高市早苗首相は8月15日の「終戦の日」、靖国神社の参拝を見送り、日本武道館の駐車場から靖国神社の方向に向かって「遙拝」した。神社の参拝作法である「二拝二拍手一拝」を行ったという。

さらに自民党総裁として、鈴木俊一幹事長を通じて私費で玉串料を奉納した。「参拝しないが、拝む」。異例ともいえる対応に、ネット上では賛否両論が広がっている。
「参拝できなくても思いを示した」と評価する声
遙拝とは、神社などから離れた場所で、その方向に向かって拝礼することだ。高市首相は全国戦没者追悼式に出席するため日本武道館を訪れ、その駐車場から靖国神社の方向へ拝礼した。靖国神社と日本武道館は近距離にあるが、あえて境内には入らなかった。
高市氏は首相就任前、靖国神社への参拝を続ける考えを繰り返し表明してきた。しかし首相就任後は秋季例大祭、2026年春季例大祭に続き、今回の終戦の日も直接参拝を見送った。背景には中国、韓国との外交関係への配慮があるとされている。
これを評価する人々からは、外交上の制約を抱える首相という立場にありながら、戦没者への追悼の意思を示したとの見方が出ている。
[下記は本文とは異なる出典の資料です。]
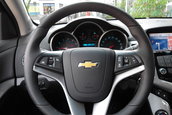 Chevrolet Cruze SW, break-ul accesibil
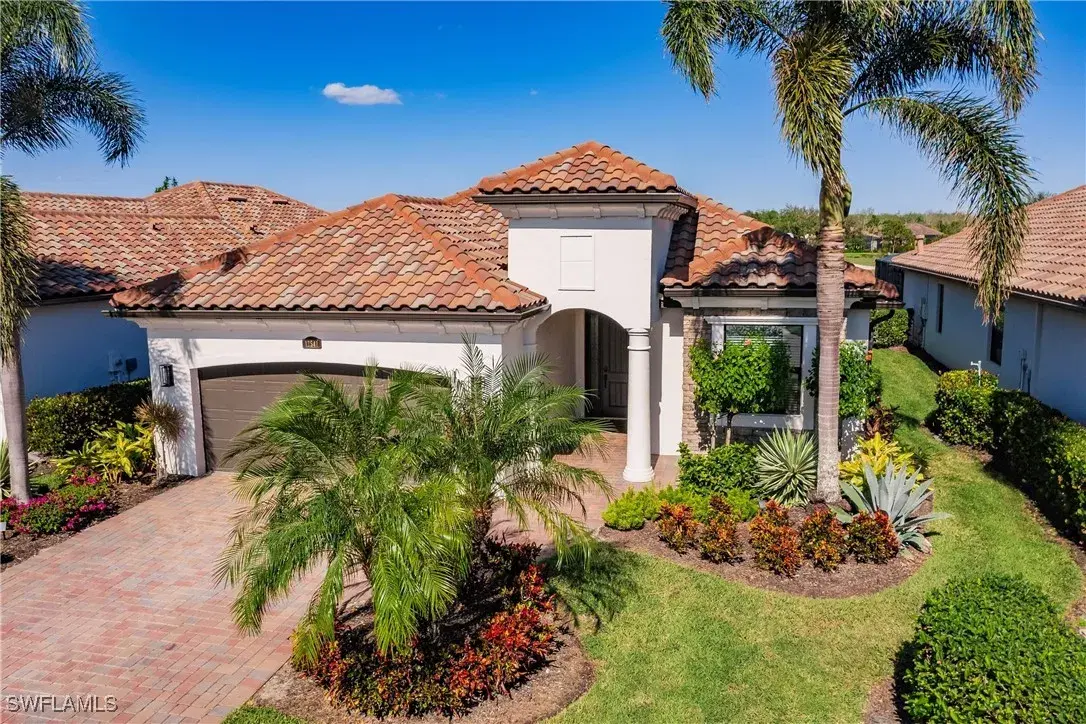 Picture of 12541 Fenhurst Way, Naples, FL 34120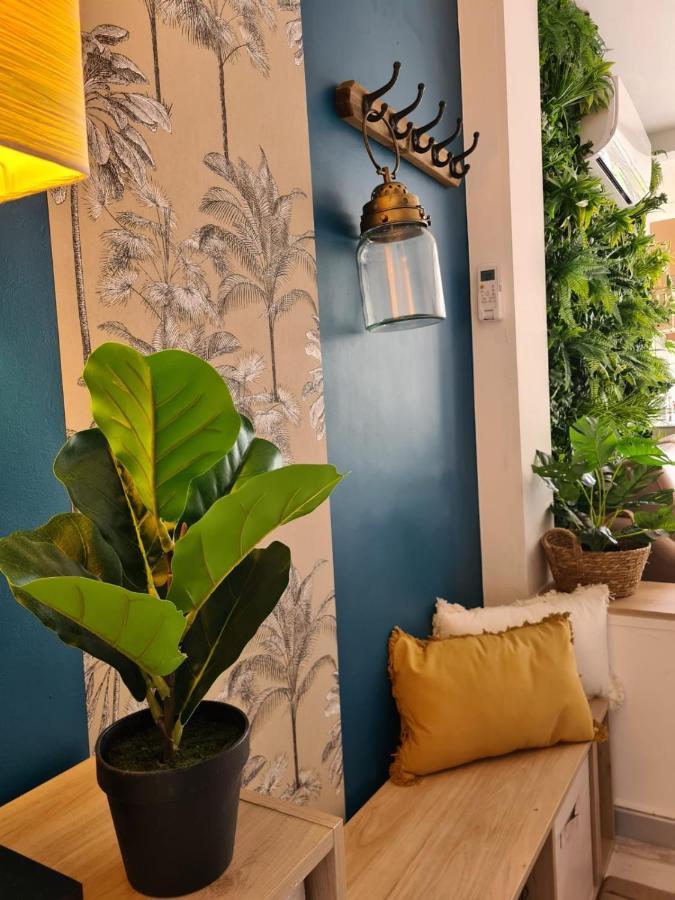 Cap D'Agde Naturiste Heliopolis 2 A 4 Personnes Appartement Osmose Luaran gambar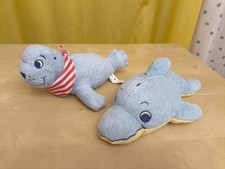 Tcm tchibo delfin robbe - delfin,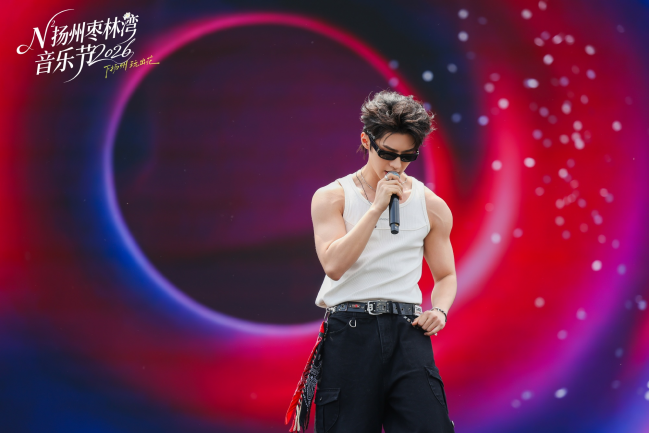 场景、阵容、体验全面升级，N&sup2;扬州枣林湾音乐节定义&ldquo;好音乐节&rdquo;新标准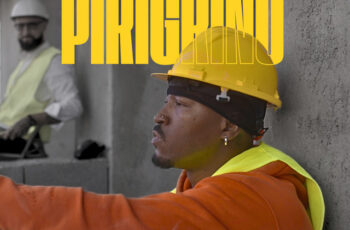 Helio Batalha – Pirigrinu (Afro Beat) 2025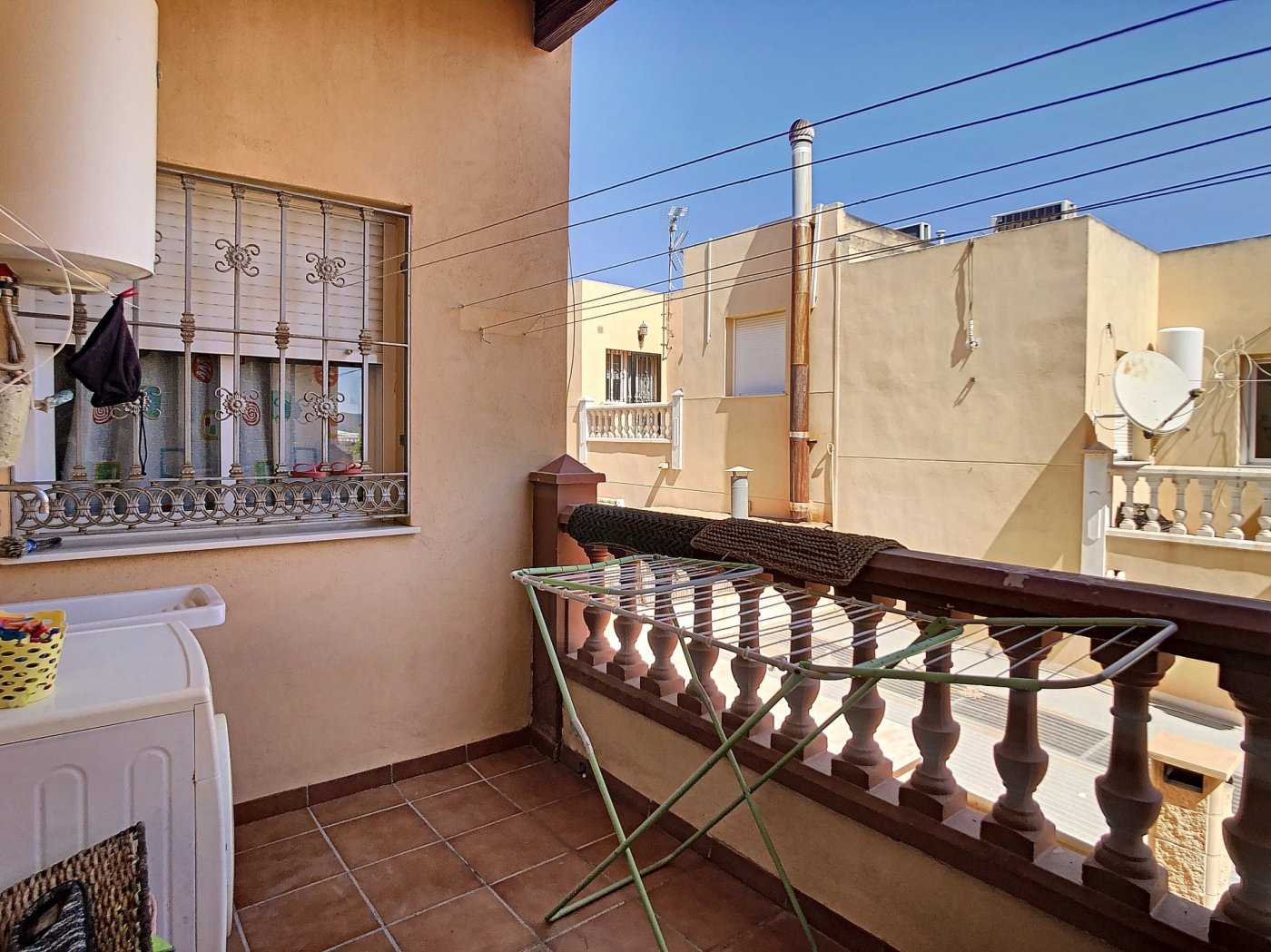 rumah dalam San Isidro de Níjar, Andalucía 11057127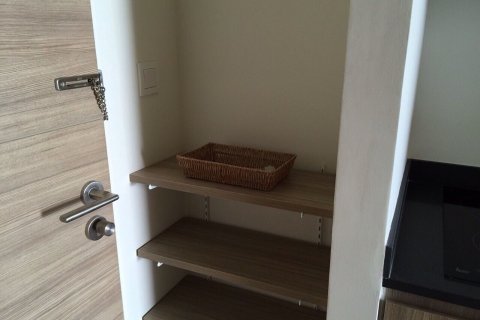 Студия в Паттайя, Таиланд № 138809 - фото 10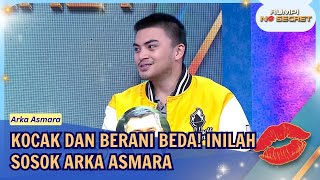 Kocak dan Berani Beda! Inilah Sosok Arka Asmara (Anak Anjasmara) - RUMPI (23/02/26) P1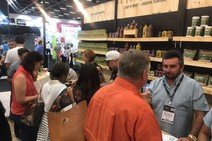 Empreendedores sergipanos participam de Feira Internacional 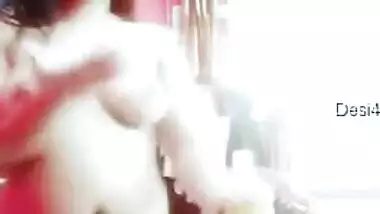 Delectable XXX Indian teen walks in front of camera being naked and it's so sexy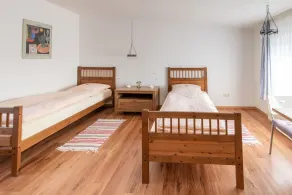 Ferienwohnung Kruppa - Room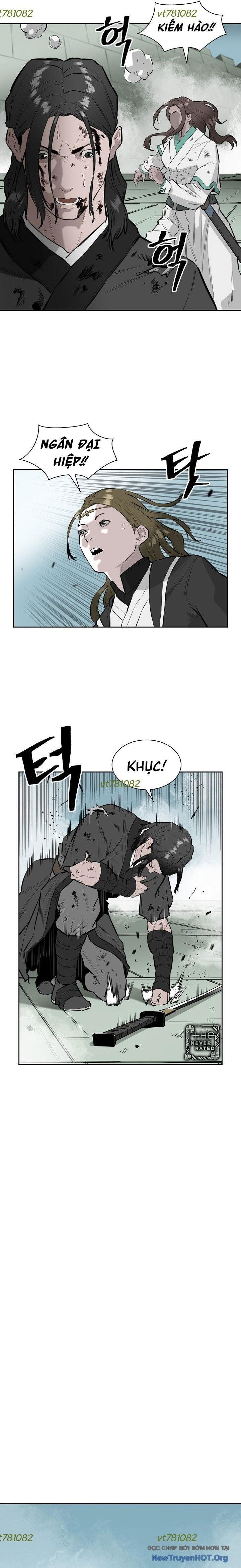 Phong Hồn – Quán Đỉnh Vô Song Chapter 30 - Trang 2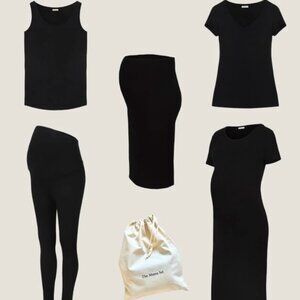 The Mama Maternity Set - Pregnancy/Postpartum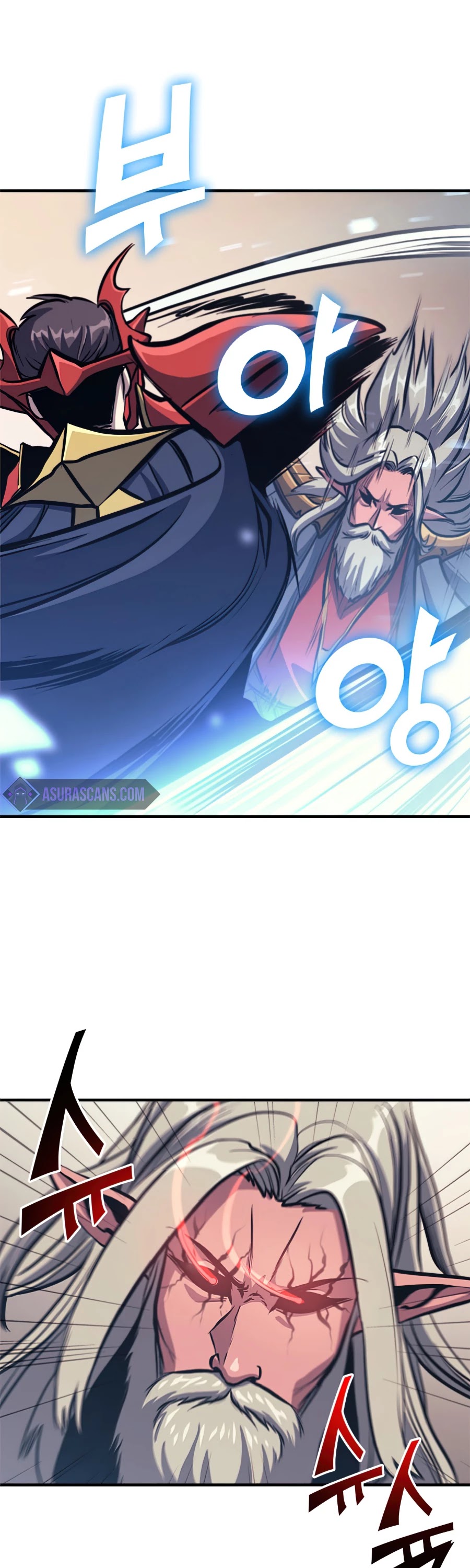 Max Level Returner Chapter 117 page 12 - Chapter 117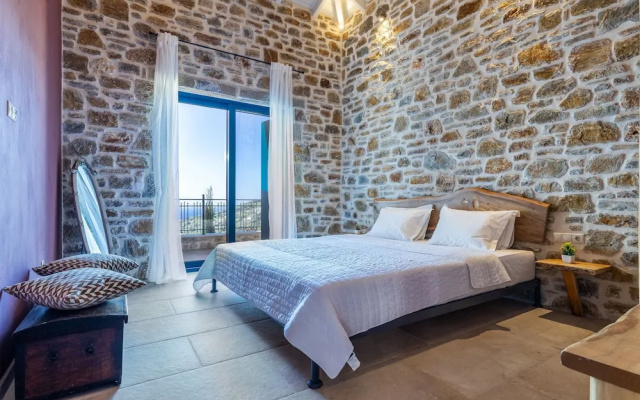 Rodon Luxury Villas Eos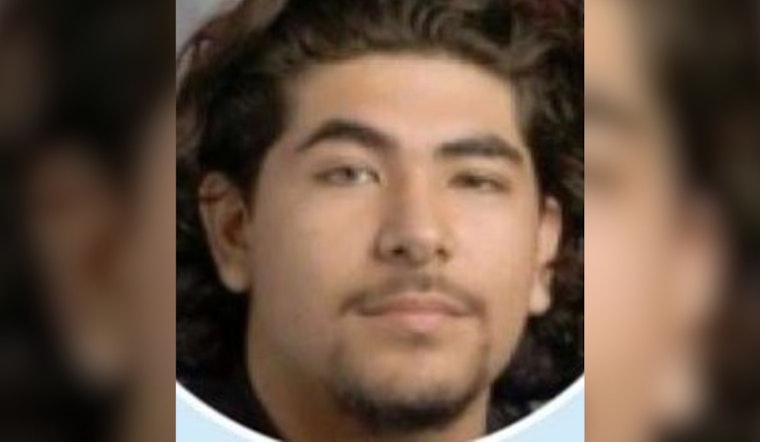 Clearlake Man, Ricardo Monjaras, Suspected in Windsor Market Shooting; $1 Million Arrest Warrant Issued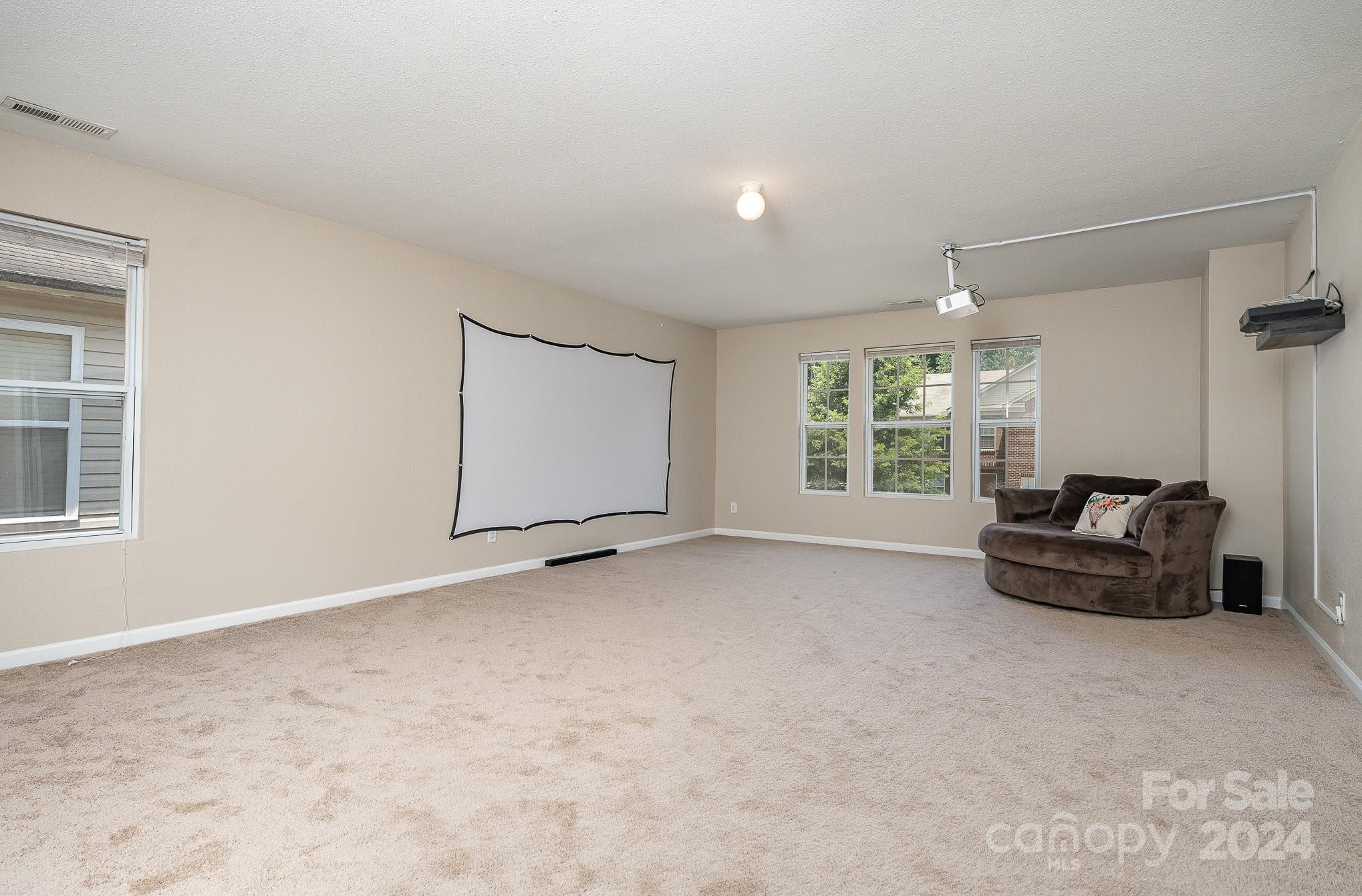 Herons Pond - Residential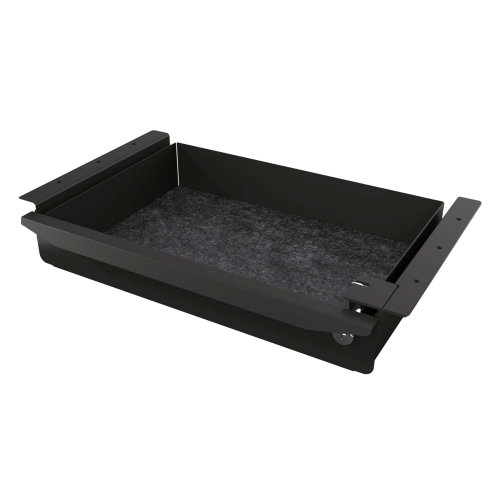 Schubkasten für höhenverstellbare Tische Modell EHC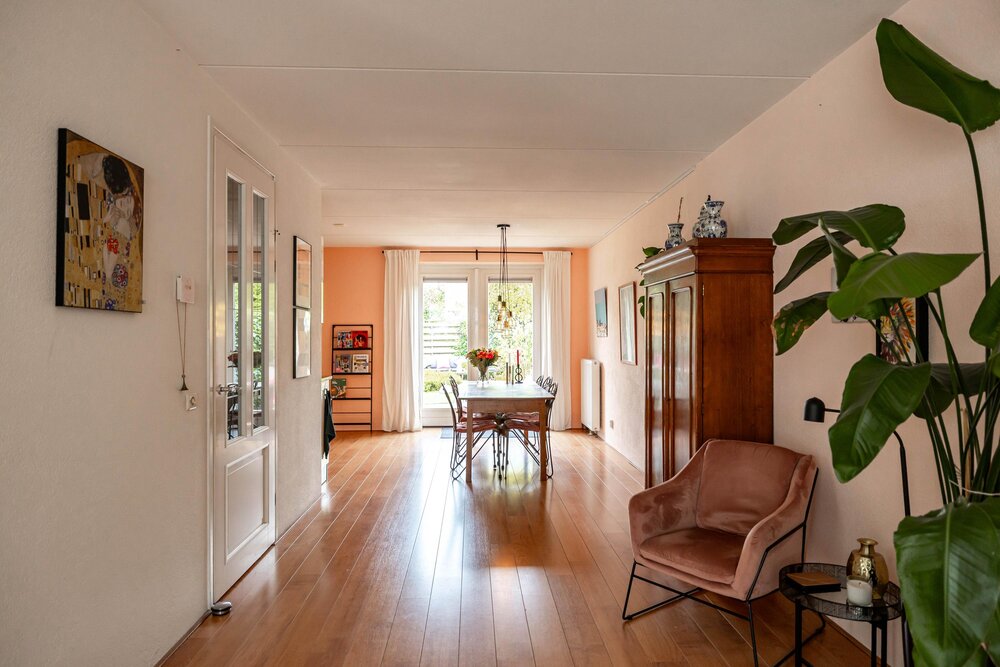 Kenwerd 6, 9746 CJ Groningen - € 575.000 k.k. - Boekholt & partners makelaars Groningen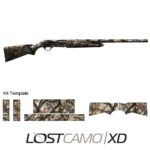 Shotgun Skin (Lost Camo XD)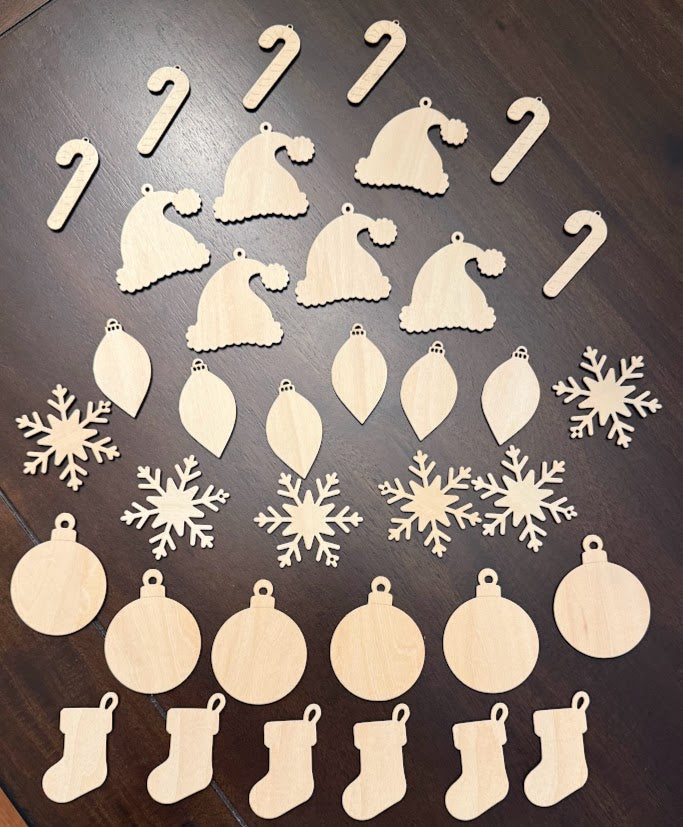 Cedar Christmas Trees Workshop at Ace Hardware - Little Falls on Fri. 12/5 at 6-8:30PM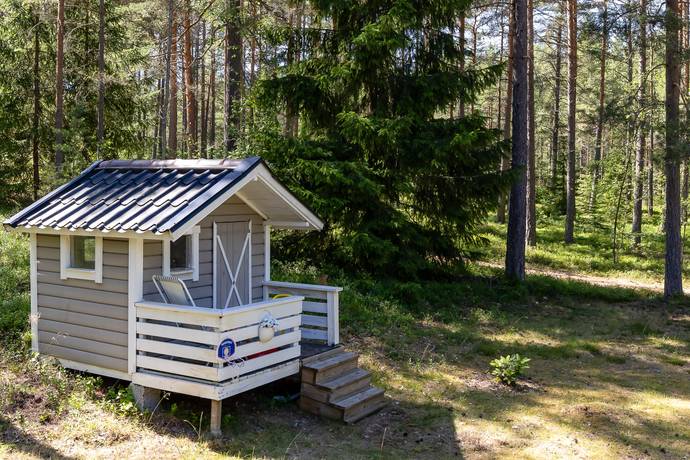 2 rum Fritidshus på Gäddesta småstugeområde 46 Örebro kommun - bild 22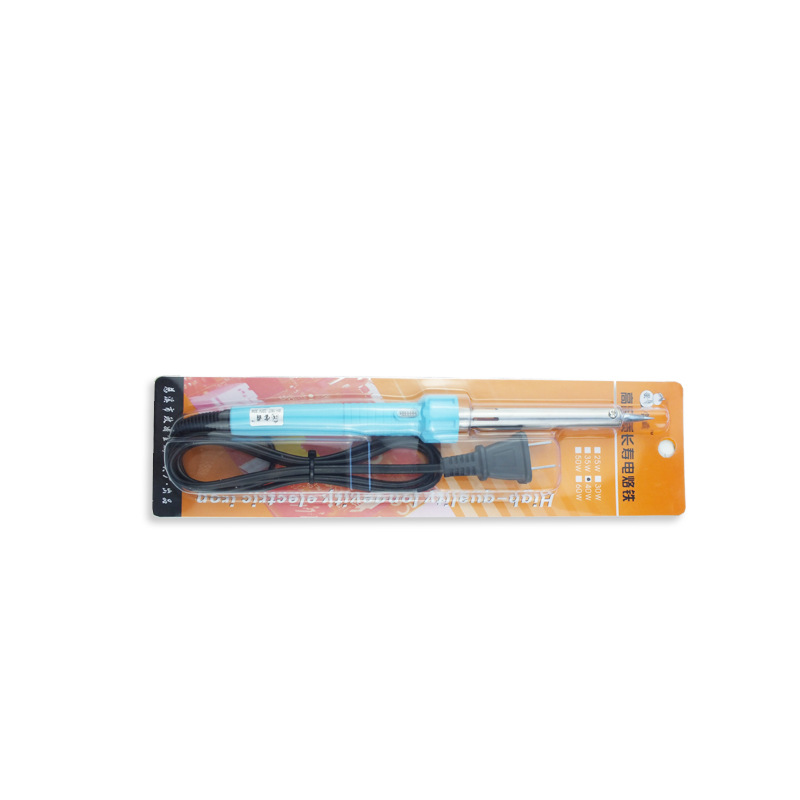 Constant temperature soldering iron set BaoHu 30W soldering iron BH-1807 welding iron hot-outside type soldering iron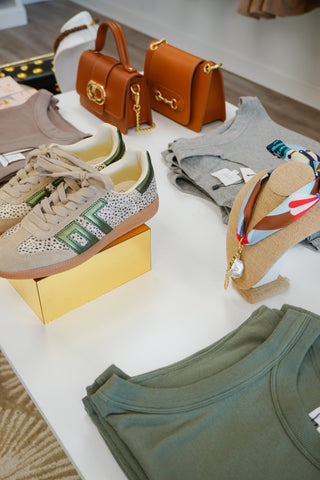 SHOES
「遙拝」は、高市氏なりに過去の主張と首相としての外交責任を両立させようとした苦肉の策だったともいえる。
「首相として参拝する」という公約はどうなったのか
しかし保守層からはきびしい批判もある。日本武道館と靖国神社は隣接している。それほど近くまで来ていながら境内には入らず、駐車場から靖国神社の方向を向いて拝むという行動は、「そこまでするなら参拝すればいいではないか」という疑問を生んだ。
高市氏は2021年の自民党総裁選では「首相になっても靖国神社に参拝する」と明言したが、首相になると「適時適切に判断する」という表現に変わった。首相になれば外交上の責任が重くなる。当然、政治家が立場に応じて政策判断を変えることはある。
だが、これまで「外国から批判されても参拝する」という姿勢そのものを政治的アイデンティティとしてきただけに、支持者からすれば肩透かしに感じるのも無理はない。
閣僚や国会議員は相次いで参拝
一方、高市内閣では小泉防衛相ら複数の閣僚が15日に靖国神社を参拝した。超党派の「みんなで靖国神社に参拝する国会議員の会」も約90人規模で集団参拝した。中国政府は日本の閣僚らの参拝に強く抗議し、韓国政府も遺憾の意を表明した。
つまり、高市首相本人が参拝を見送っても、靖国問題そのものが外交問題にならなくなったわけではない。それなら首相本人が参拝しても同じだったのではないか、という議論も当然出てくる。
「全方位への配慮」は誰を満足させたのか
高市首相は直接参拝を見送ることで中国、韓国との決定的な摩擦を避けようとした。その一方で、玉串料を奉納し、さらに靖国神社の方向に遙拝することで保守支持層にも配慮した。
結果として今回の「遙拝」は、高市首相が首相就任前から抱えてきた矛盾を象徴する場面になった。靖国参拝の是非以上に問われているのは、高市氏が「政治家・高市早苗」と「内閣総理大臣・高市早苗」の間に生じた距離をどう説明するかである。
遙拝という珍しい対応は、その距離を埋める妙案だったのか。それとも、どちらにもいい顔をしようとした中途半端な対応だったのか。今回の賛否両論は、高市政権が今後も直面する「保守政治家としての主張」と「首相としての現実外交」の難しさを浮き彫りにしている。